In 2010, the Queer Caucus at the Society for Cinema and Media Studies is piloting a queer mentoring program.

The program pairs early career LGBTQ scholars working in film and
media studies with more experienced scholars who have survived the trials and tribulations of beginning an academic career, and who have kindly volunteered to share some of their wisdom with younger or less experienced queer scholars.

The program is conceived in the spirit of queer "initiation" that
reflects the way many of us learn about queer community more broadly. We believe that mentoring is an important part of queer experience. Many of us, in the process of "coming out" or "coming in" to various forms of queer community, have relied on intergenerational bonds that provide alternative (queer) models of kinship and pedagogy. We believe such bonds -- which acknowledge, rather than disavow, the ambiguous distinction between the professional and the personal -- are also important for queer scholars and for the field of queer scholarship.

The mentoring relationships are intended to provide a forum for
occasional casual discussion about professional concerns. We would like to stress that mentors will NOT serve as de facto dissertation committee members, nor should they be asked to provide letters of recommendation. Their role is to provide outside counsel and advice on career matters. The model should be considered one of intergenerational friendship (regardless of actual age), rather than formal advising.

Issues discussed between mentors and mentees might include:
dissertation anxieties (though, as stressed above, mentors are not expected to read mentees' dissertations), job applications/interviews, departmental politics, research & publishing, tenure process, pedagogy.

This is a pilot program, and the number of mentees we are able to
accommodate this year is limited. We will do our best to forward
prospective mentees' material to the mentors who best match their
interests, but mentors may have many suitable matches and will make the final decisions themselves.
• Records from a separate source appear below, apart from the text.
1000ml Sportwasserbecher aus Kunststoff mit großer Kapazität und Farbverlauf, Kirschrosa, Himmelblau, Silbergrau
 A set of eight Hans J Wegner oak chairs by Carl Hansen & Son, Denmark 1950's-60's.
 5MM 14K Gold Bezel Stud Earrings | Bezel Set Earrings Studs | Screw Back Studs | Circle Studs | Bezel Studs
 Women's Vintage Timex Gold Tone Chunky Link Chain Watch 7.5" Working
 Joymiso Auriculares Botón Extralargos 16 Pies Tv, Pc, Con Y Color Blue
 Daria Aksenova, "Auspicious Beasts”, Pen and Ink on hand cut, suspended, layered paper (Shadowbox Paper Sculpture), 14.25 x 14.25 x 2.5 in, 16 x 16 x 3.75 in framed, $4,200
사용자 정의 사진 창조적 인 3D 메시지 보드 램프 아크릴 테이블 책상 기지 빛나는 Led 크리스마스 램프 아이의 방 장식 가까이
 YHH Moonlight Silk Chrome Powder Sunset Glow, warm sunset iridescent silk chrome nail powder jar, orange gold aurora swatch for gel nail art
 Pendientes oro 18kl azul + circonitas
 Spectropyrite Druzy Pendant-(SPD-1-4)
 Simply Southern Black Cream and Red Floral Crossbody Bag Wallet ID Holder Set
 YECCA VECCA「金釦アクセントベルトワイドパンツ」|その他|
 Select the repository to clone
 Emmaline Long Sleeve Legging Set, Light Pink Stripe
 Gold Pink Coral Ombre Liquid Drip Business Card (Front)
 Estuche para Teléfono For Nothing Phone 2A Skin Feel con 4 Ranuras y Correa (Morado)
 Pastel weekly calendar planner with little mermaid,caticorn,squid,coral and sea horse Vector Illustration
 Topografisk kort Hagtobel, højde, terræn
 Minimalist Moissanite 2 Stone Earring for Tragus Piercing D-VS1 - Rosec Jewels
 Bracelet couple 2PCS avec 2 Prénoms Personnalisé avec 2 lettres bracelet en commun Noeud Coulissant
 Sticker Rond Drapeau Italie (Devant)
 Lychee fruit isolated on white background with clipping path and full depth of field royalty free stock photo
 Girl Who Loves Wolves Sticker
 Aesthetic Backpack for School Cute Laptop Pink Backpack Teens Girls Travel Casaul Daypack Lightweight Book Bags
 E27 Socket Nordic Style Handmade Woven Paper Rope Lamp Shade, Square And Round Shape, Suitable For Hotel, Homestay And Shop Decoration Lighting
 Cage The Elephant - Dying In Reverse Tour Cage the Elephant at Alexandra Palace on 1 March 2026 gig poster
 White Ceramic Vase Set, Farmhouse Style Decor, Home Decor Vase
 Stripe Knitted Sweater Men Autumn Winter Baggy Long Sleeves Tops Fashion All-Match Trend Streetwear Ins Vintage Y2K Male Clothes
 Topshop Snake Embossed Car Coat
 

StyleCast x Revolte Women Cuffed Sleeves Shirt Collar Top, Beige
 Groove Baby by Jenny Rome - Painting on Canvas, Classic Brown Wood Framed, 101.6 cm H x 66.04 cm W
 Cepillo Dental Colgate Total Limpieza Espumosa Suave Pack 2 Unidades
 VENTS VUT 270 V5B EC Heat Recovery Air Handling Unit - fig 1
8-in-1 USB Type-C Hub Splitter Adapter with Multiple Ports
As the program gets going, we hope to expand our mentor list. We encourage anyone interested in the program to apply now, and to apply again next year if we cannot find a suitable match for you this time around.

Here is the most recent list of confirmed mentors participating in the pilot program:

Michele Aaron (University of Birmingham)
Ron Becker (Miami University)
Harry Benshoff (University of North Texas)
Caetlin Benson-Allott (University of California, Santa Cruz)
Chris Berry (Goldsmiths, University of London)
Gilberto Blasini (University of Wisconsin, Milwaukee)
Steven Cohan (Syracuse University)
Alexander Doty (Indiana University)
Richard Dyer (King's College London)
Brett Farmer (Chulalongkorn University)
Elizabeth Freeman (University of California, Davis)
Ron Gregg (Yale University)
Ellis Hanson (Cornell University)
Lisa Henderson (University of Massachusetts, Amherst)
Astrid Henry (Grinnell College)
Lucas Hilderbrand (University of California, Irvine)
Ken Hillis (University of North Carolina, Chapel Hill)
Chris Holmlund (University of Tennessee, Knoxville)
Earl Jackson, Jr. (Korean National University of Arts)
Alexandra Juhasz (Pitzer College)
Kara Keeling (University of Southern California)
Homay King (Bryn Mawr College)
Helen Hok-Sze Leung (Simon Fraser University)
Bliss Cua Lim (University of California, Irvine)
Peter Limbrick (University of California, Santa Cruz)
Heather Love (University of Pennsylvania)
Fran Martin (University of Melbourne)
Frances Negrón-Muntaner (Columbia University)
Juana Maria Rodriguez (University of California, Berkeley)
Bhaskar Sarkar (University of California, Santa Barbara)
Matthew Tinkcom (Georgetown University)
Amy Villarejo (Cornell University)
Tom Waugh (Concordia University)
Joe Wlodarz (University of Western Ontario)
Audrey Yue (University of Melbourne)

How to apply to be an SCMS Queer Caucus Mentee:

1. Join the SCMS Queer Caucus! If you are already an SCMS member, you can do this online at the SCMS website ( -- go to the "membership" area, click on "update membership profile," and then select "queer caucus"). While we strongly encourage you to become an SCMS member if you are not one already, the mentorship is open to everyone regardless of SCMS membership status. (We realize that some
people, especially graduate students, aren't able to remain members all the time due to the membership fees.)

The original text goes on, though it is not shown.